The Western Ghats contain exceptional levels of plant and animal diversity and endemicity for a continental area. In particular, the level of endemicity for some of the 4-5,000 plant species recorded in the Ghats is very high: of the nearly 650 tree species found in the Western Ghats, 352 (54%) are endemic. Animal diversity is also exceptional, with amphibians (up to 179 species, 65% endemic), reptiles (157 species, 62% endemic), and fishes (219 species, 53% endemic). Invertebrate biodiversity, once better known, is likely also to be very high (with some 80% of tiger beetles endemic). A number of flagship mammals occur in the property, including parts of the single largest population of globally threatened ‘landscape’ species such as the Asian Elephant, Gaur and Tiger. Endangered species such as the lion-tailed Macaque, Nilgiri Tahr and Nilgiri Langur are unique to the area. The property is also key to the conservation of a number of threatened habitats, such as unique seasonally mass-flowering wildflower meadows, Shola forests and Myristica swamps.
The property is made up of 39 component parts grouped into 7 sub-clusters. The serial approach is justified in principle from a biodiversity perspective because all 39 components belong to the same biogeographic province, and remain as isolated remnants of previous contiguous forest. The justification for developing a serial approach rather than just identifying one large protected area to represent the biodiversity of the Western Ghats is due to the high degree of endemism, meaning that species composition from the very north of the mountains to 1,600km south varies greatly, and no one site could tell the story of the richness of these mountains. The formulation of this complex serial nomination has evolved through a consultative process drawing on scientific analysis from various sources. The 39 component parts grouped into 7 sub-clusters together reflect the Outstanding Universal Value of the property and capture the range of biological diversity and species endemism in this vast landscape.

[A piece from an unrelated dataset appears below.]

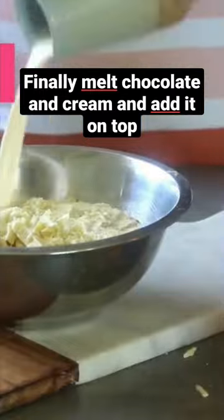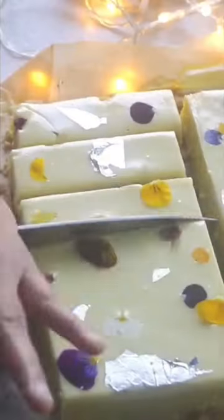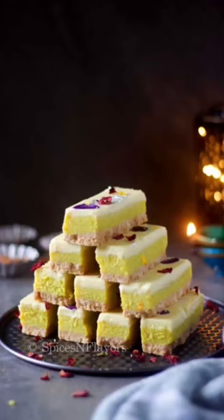Finally prepare the ganache by melting chocolate and cream together and add it on top of the burfi layer. I know so many layers but it is super easy and so much tastier I tell you. Decorate it with fresh flowers and allow it to set completely. Once set, just slice and enjoy.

The 39 component parts of this serial property fall under a number of protection regimes, ranging from Tiger Reserves, National Parks, Wildlife Sanctuaries, and Reserved Forests. All components are owned by the State and are subject to stringent protection under laws including the Wildlife (Protection) Act of 1972, the Indian Forest Act of 1927, and the Forest Conservation Act (1980). Through these laws the components are under the control of the Forestry Department and the Chief Wildlife Warden, providing legal protection. 40% of the property lies outside of the formal protected area system, mostly in Reserved Forests, which are legally protected and effectively managed. The Forest Conservation Act (1980) provides the regulatory framework to protect them from infrastructure development.